An Exploration of the Carr Brook - Part 2

 
A sample of sandstone from Bowden Housteads Wood

Arriving at Hastilar Road South, having followed the course of the Carr Brook from its headwater and then taken a diversion to the church of St. Theresa, I continued downstream through Carbrook Ravine Nature Reserve but I didn’t seen any rock outcrops.
 
A view west down the escarpment to the Carr Brook

The east side of the brook is bounded by an escarpment of Pennine Middle Coal Measures Formation (PMCMF) sandstone, which I explored briefly before returning to the path that runs alongside the brook and then stopping at what I thought was an old mill pond; however, I have since discovered that this first appeared on the 1939 Ordnance Survey map as a swimming pool.
 
The old swimming pool
 
On my visit the previous summer, I turned right here and followed the path up a moderately steep slope where there were occasional patches of subsoil/bedrock exposed in a few eroded places on the path. This time, I carried on to investigate a small streamlet that appeared to form part of some kind of landscaping feature above the west side of the Carr Brook valley.
 
A streamlet and rock feature

Continuing past a pile of sandstone blocks, which I thought might mark the head of a spring, the streamlet continued up to a large shallow pond, which was frozen over at the time.

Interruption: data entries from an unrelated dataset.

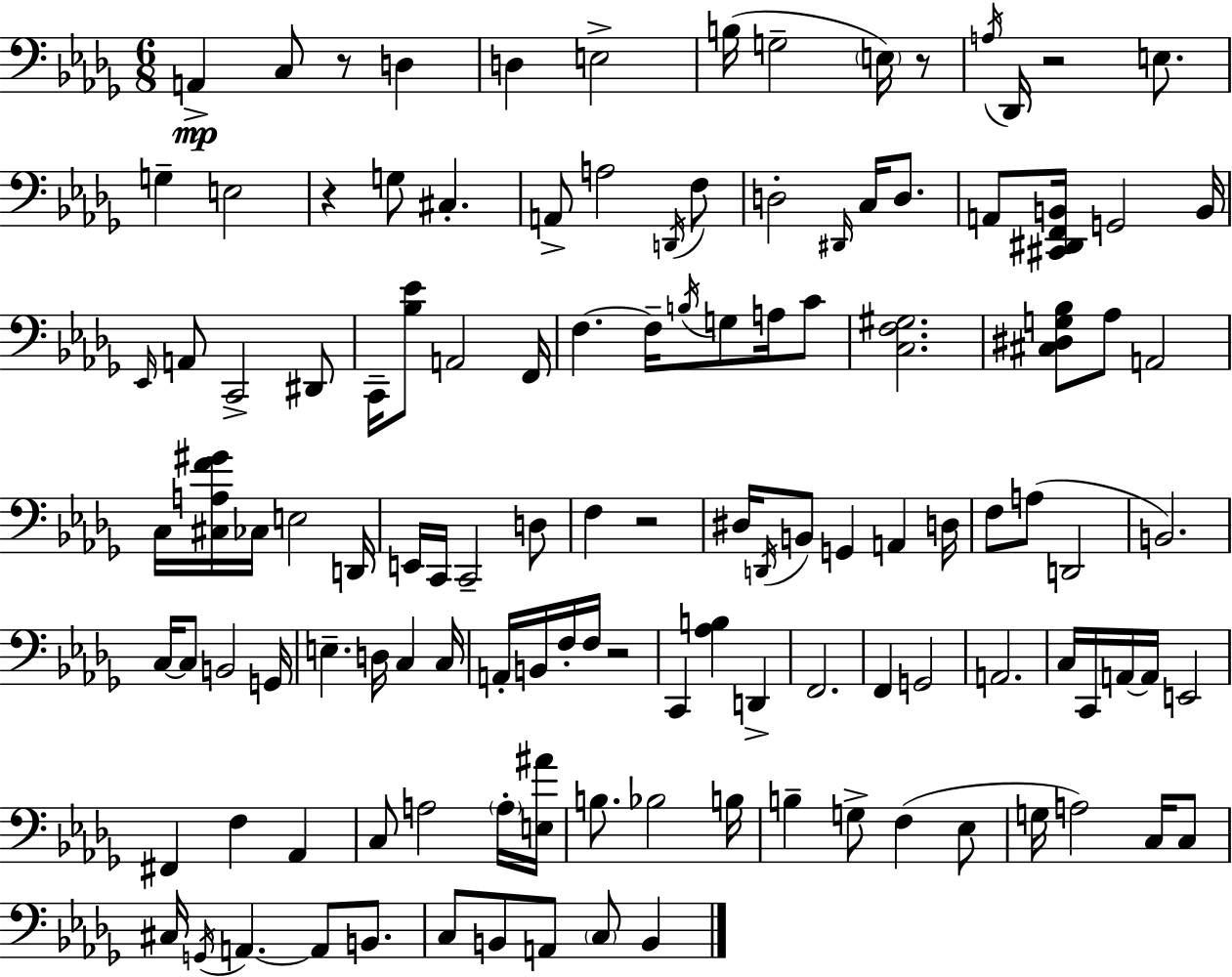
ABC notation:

X:1
T:Untitled
M:6/8
L:1/4
K:Bbm
A,, C,/2 z/2 D, D, E,2 B,/4 G,2 E,/4 z/2 A,/4 _D,,/4 z2 E,/2 G, E,2 z G,/2 ^C, A,,/2 A,2 D,,/4 F,/2 D,2 ^D,,/4 C,/4 D,/2 A,,/2 [^C,,^D,,F,,B,,]/4 G,,2 B,,/4 _E,,/4 A,,/2 C,,2 ^D,,/2 C,,/4 [_B,_E]/2 A,,2 F,,/4 F, F,/4 B,/4 G,/2 A,/4 C/2 [C,F,^G,]2 [^C,^D,G,_B,]/2 _A,/2 A,,2 C,/4 [^C,A,F^G]/4 _C,/4 E,2 D,,/4 E,,/4 C,,/4 C,,2 D,/2 F, z2 ^D,/4 D,,/4 B,,/2 G,, A,, D,/4 F,/2 A,/2 D,,2 B,,2 C,/4 C,/2 B,,2 G,,/4 E, D,/4 C, C,/4 A,,/4 B,,/4 F,/4 F,/4 z2 C,, [_A,B,] D,, F,,2 F,, G,,2 A,,2 C,/4 C,,/4 A,,/4 A,,/4 E,,2 ^F,, F, _A,, C,/2 A,2 A,/4 [E,^A]/4 B,/2 _B,2 B,/4 B, G,/2 F, _E,/2 G,/4 A,2 C,/4 C,/2 ^C,/4 G,,/4 A,, A,,/2 B,,/2 C,/2 B,,/2 A,,/2 C,/2 B,,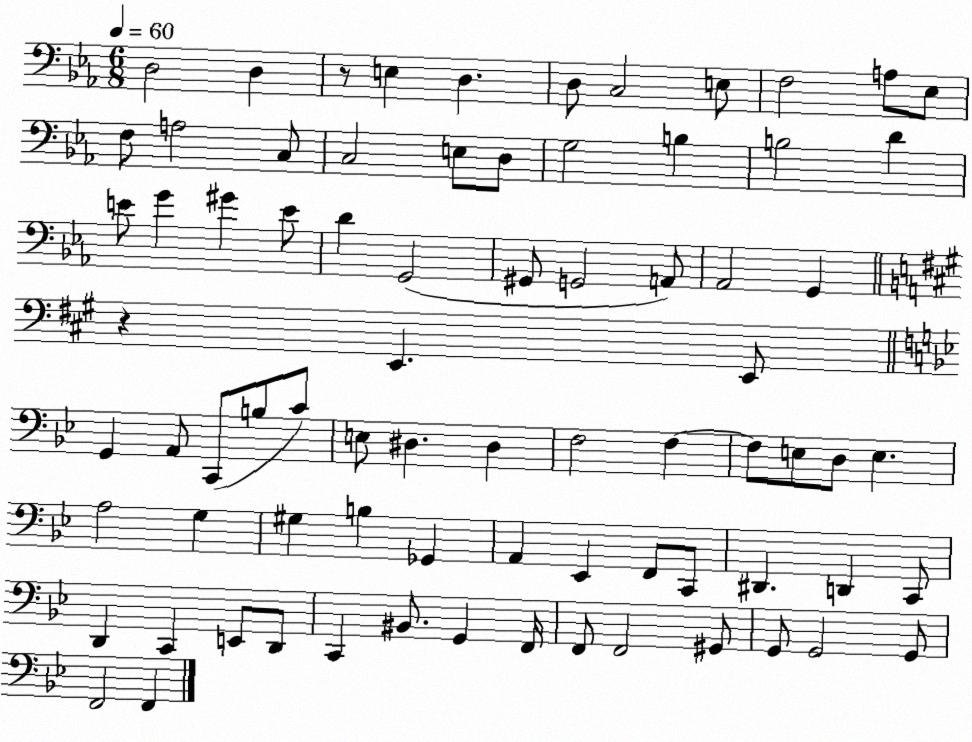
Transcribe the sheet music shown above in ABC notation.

X:1
T:Untitled
M:6/8
L:1/4
K:Eb
D,2 D, z/2 E, D, D,/2 C,2 E,/2 F,2 A,/2 _E,/2 F,/2 A,2 C,/2 C,2 E,/2 D,/2 G,2 B, B,2 D E/2 G ^G E/2 D G,,2 ^G,,/2 G,,2 A,,/2 _A,,2 G,, z E,, E,,/2 G,, A,,/2 C,,/2 B,/2 C/2 E,/2 ^D, ^D, F,2 F, F,/2 E,/2 D,/2 E, A,2 G, ^G, B, _G,, A,, _E,, F,,/2 C,,/2 ^D,, D,, C,,/2 D,, C,, E,,/2 D,,/2 C,, ^B,,/2 G,, F,,/4 F,,/2 F,,2 ^G,,/2 G,,/2 G,,2 G,,/2 F,,2 F,,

At the far end of this, another large pile of bigger sandstone blocks caught my eye, which I then went to investigate.
 
A view of the pond on Manor Playing Fields

It is on the edge of an area that the LIDAR map shows as Manor Playing Fields, which has been obviously landscaped into wide terraces, but there is no sign of any natural drainage channel leading to the Carr Brook here.
 
Rocky landscaping at Manor Playing Fields

I didn’t stay around to examine any of the Coal Measures sandstone blocks used in its construction, but I thought that it was an interesting piece of landscaping and it reminded me of places like Padley Gorge and Wyming Brook – where large blocks of stone have tumbled down the head of the valley.
 
A view east towards the Carr Brook

Making my way back down to the Carr Brook, and following the very muddy path that runs alongside its west bank, I was dismayed to see that the streambed was littered with shopping trolleys, various bikes and miscellaneous other items of rubbish.
 
Miscellaneous rubbish along the streambed

Walking north along the path, which by now was becoming increasingly difficult to navigate, I eventually came to the point where the brook enters a culvert, where it is diverted under the extensive road junction of the A57 and the Sheffield Parkway.
 
The culvert on the Carr Brook

Finding no path that traverses this junction, I headed east up the escarpment formed by a minor PMCMF sandstone, where sections through the topsoil and sub-soil are exposed and with the mudstone having weathered into yellow clay.
 
An exposure of yellow clay

Over the years, walkers have worn away the soil horizon down to the bedrock and, beneath the yellow clay in its banks and littering the path, there are numerous small thin slabs of fine grained light brown sandstone, which have become detached from the main body of the rock.
 
A view down the escarpment to the Carr Brook

Collecting a piece of this for later examination, I continued along the path to the bridge over the A57, where I stopped to take a photograph of Wincobank Hill in the distance – with the Iron Age hillfort here occupying a ridge of Silkstone Rock that, with a dip of up to 30 degrees to the south-east, has the steepest beds in the Don Monocline.